In case of ''UriQueryParams'', full compatibility with ''Uri\Rfc3986\Uri'' can be achieved via the ''fromRfc3986()'' and ''toRfc3986String()'' methods:
$uri = new Uri\Rfc3986\Uri("https://example.com?foo=a b");
$params = $uri->getQueryParams();
// The above line is effectively the same as the following one:
$params = Uri\Rfc3986\UriQueryParams::fromRfc3986($uri->getQuery());
$uri = $uri->withQuery($params->toRfc3986String());
echo $uri->getQuery(); // foo=a b
As it can be seen in the example above, the behavior is roundtripable: parsing a query string to a ''UriQueryParams'' instance and then modifying the original query string to the parsed one will result in the original query string.
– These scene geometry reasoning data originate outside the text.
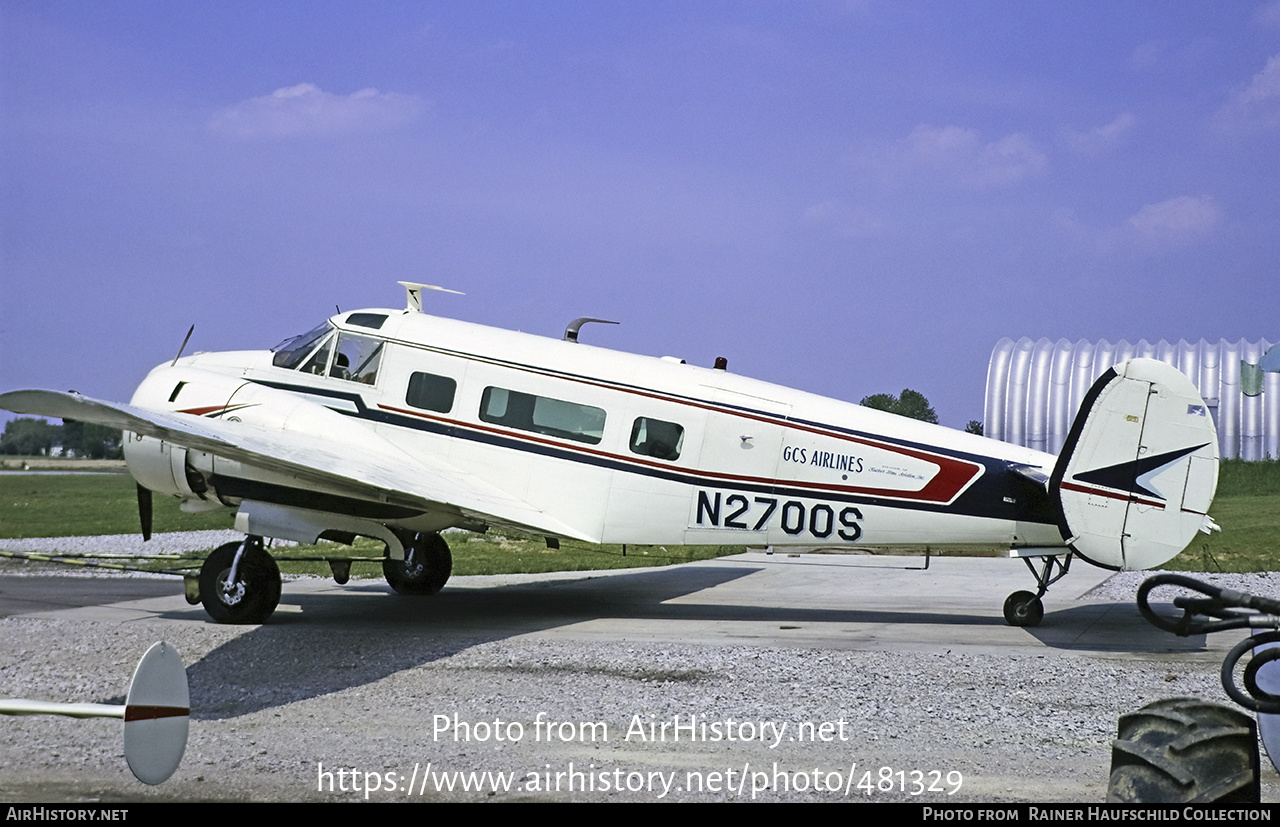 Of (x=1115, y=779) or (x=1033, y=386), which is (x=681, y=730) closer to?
(x=1115, y=779)

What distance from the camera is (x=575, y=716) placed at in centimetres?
820

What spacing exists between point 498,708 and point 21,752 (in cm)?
351

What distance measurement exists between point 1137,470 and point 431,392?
8.89 meters

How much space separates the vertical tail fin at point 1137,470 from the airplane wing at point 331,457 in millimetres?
6059

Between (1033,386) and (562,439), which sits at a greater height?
(1033,386)

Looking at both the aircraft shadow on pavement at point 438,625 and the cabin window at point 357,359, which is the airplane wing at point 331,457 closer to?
the cabin window at point 357,359

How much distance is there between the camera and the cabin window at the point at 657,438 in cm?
1300

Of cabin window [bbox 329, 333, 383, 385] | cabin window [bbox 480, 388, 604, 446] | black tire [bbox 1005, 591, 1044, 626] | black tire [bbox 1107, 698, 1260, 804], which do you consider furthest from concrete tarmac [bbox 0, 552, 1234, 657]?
black tire [bbox 1107, 698, 1260, 804]

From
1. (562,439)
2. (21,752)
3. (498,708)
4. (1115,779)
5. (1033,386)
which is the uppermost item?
(1033,386)

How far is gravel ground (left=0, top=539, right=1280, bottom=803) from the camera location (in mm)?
6445

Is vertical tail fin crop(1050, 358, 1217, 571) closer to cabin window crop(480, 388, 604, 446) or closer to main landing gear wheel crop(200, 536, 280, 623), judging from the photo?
cabin window crop(480, 388, 604, 446) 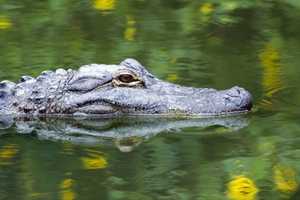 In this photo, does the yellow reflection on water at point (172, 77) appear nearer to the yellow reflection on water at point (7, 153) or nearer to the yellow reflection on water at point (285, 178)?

Of course, this won't necessarily be the case when using ''parseFormData()'' or ''toFormDataString()'', if the query string contains some specific characters (most notably, the space character):
$uri = new Uri\Rfc3986\Uri("https://example.com?foo=a b");
$params = $uri->getQueryParams();
$uri = $uri->withQuery($params->toFormDataString());
echo $uri->getQuery(); // foo=a+b
''Uri\WhatWg\UrlQueryParams'' and ''Uri\WhatWg\Url'' have the very same incompatibility due to the different percent-encoding and decoding algorithm, and this is even encoded in the WHATWG URL specification itself, so it's not possible to work around on PHP's side:
$url = new Uri\WhatWg\Url("https://example.com?foo=a b");
$params = $url->getQueryParams();
$url = $url->withQuery($params->toString());
echo $uri->getQuery(); // foo=a+b
=== Modification ===
The ''append()'' method can be used to append a parameter to the end of the list. As normally, the same query parameter can be added multiple times:
$params = Uri\Rfc3986\UriQueryParams::parseRfc3986("foo=bar");
$params->append("baz", "qux");
$params->append("baz", "qaz"); // Appends "baz" twice
echo $params->toString(); // foo=bar&baz=qux&baz=qaz
Updating a parameter is possible via the ''set()'' method:
$params = Uri\Rfc3986\UriQueryParams::parseRfc3986("foo=bar&foo=baz");
$params->set("foo", "baz"); // Overwrites the first item "foo", and removes the second one
$params->set("qux", "qaz"); // Appends a new item "qux"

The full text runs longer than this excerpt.